Task description:
Please set down only the lines between the line containing "Nancy's Conroy Laptoptafel" and the end of the records, inclusive, exactly as they stand.

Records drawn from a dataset
- - - -

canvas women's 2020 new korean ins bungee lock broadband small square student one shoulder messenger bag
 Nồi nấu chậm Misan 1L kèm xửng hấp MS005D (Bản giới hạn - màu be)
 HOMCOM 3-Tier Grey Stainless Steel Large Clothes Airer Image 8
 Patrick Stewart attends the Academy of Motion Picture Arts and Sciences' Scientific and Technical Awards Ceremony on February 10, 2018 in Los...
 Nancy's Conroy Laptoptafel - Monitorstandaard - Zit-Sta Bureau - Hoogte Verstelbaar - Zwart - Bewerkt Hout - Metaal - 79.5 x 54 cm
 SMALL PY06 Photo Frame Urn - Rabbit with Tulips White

- - - -

Written solution:
 Nancy's Conroy Laptoptafel - Monitorstandaard - Zit-Sta Bureau - Hoogte Verstelbaar - Zwart - Bewerkt Hout - Metaal - 79.5 x 54 cm
 SMALL PY06 Photo Frame Urn - Rabbit with Tulips White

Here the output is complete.